Oh yeah Dave, I forgot, thanks for your help on the dairy last week.
Then, Dave revealed his true colors:
Dianne: "Look, my family and I live 30 minutes from here, come out with me to my farm, and see that we do not mistreat our animals."
Dave: "I would, except I am going to Austin in a couple days, I don't have time."
Emily: "Oh you'll be going right through my hometown, you're more than welcome to stop in and see our dairy, and how we do not mistreat our animals."
Dave: "I don't want to see your farms, I don't have time."
The truth is: Dave probably did have time. Students don't stay on campus 24 hours of the day, I'm certain he had more than enough time to tour Dianne's family dairy, or our family dairy. Dave turned down two offers to tour a farm (thus, doubling his on-farm experience), because he doesn't want to see the truth - that farmers ARE good to their animals. For Dave, it's much more fun to take an isolated incidence and falsely publicize cases of neglect as common practice.
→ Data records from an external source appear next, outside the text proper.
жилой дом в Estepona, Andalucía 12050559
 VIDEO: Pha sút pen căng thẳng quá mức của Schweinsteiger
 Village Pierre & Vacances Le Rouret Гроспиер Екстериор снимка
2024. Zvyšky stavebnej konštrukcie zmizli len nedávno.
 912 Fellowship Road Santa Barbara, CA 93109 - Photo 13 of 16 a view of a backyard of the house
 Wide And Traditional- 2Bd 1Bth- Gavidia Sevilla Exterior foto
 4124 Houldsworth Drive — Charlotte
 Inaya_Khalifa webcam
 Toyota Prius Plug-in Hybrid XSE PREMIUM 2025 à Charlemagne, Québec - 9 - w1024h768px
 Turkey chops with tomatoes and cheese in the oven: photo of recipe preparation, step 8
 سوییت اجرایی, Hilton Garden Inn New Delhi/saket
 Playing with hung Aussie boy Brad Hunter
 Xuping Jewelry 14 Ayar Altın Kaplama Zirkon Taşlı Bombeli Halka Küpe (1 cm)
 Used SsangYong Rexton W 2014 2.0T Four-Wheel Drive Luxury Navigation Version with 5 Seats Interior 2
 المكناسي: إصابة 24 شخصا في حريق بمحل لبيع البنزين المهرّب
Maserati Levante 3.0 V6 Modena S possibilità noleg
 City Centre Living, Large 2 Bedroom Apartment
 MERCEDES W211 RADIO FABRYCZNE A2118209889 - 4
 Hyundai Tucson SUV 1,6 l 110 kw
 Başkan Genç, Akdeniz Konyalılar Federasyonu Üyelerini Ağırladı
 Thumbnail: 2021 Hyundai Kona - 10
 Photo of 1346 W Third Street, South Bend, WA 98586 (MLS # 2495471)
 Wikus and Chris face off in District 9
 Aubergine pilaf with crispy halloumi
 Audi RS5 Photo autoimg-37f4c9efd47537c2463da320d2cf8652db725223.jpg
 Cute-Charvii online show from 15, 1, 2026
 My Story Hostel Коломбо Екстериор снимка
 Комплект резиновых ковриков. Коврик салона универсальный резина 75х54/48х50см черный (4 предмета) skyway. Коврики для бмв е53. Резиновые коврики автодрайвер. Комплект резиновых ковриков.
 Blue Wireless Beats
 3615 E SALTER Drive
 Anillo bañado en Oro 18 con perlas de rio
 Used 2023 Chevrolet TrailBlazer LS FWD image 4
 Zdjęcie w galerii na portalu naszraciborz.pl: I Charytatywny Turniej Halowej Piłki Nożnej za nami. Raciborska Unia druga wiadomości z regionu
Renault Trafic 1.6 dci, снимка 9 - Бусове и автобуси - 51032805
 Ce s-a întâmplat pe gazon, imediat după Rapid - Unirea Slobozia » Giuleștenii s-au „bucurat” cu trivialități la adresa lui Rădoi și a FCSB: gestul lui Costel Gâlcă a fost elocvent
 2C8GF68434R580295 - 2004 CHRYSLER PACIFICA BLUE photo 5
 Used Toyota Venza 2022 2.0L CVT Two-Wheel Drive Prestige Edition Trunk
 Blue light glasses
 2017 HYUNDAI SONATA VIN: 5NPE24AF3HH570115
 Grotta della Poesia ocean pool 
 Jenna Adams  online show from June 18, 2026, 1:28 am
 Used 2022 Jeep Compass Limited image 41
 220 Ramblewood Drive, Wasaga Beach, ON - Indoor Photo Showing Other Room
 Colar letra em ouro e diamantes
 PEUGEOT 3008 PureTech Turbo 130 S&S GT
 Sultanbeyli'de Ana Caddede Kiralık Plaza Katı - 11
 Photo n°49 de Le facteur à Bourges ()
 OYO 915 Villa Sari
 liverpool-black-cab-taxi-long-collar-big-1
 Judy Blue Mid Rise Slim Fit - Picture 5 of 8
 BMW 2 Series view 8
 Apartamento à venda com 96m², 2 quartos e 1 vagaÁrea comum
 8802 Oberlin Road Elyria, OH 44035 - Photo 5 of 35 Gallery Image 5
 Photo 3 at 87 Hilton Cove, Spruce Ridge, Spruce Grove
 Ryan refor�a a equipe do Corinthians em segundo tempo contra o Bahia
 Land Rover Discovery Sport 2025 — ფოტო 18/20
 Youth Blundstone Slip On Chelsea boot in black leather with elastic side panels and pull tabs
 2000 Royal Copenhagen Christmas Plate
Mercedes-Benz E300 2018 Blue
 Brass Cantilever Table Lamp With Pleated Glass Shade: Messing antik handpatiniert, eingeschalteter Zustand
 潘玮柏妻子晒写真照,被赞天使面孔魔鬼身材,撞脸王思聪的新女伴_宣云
So Dave, the offer still stands: you are welcome to tour our dairy anytime. You're wrong now, and you'll be wrong then, we don't mistreat our animals. Just like the majority of farmers and ranchers in America. Dave, I know you'll keep telling lies the rest of your life, so I guess that means it's up to me to balance it out. I'll keep exposing the truth behind the "glass walls of production agriculture", come on out, and I'll give you the tour.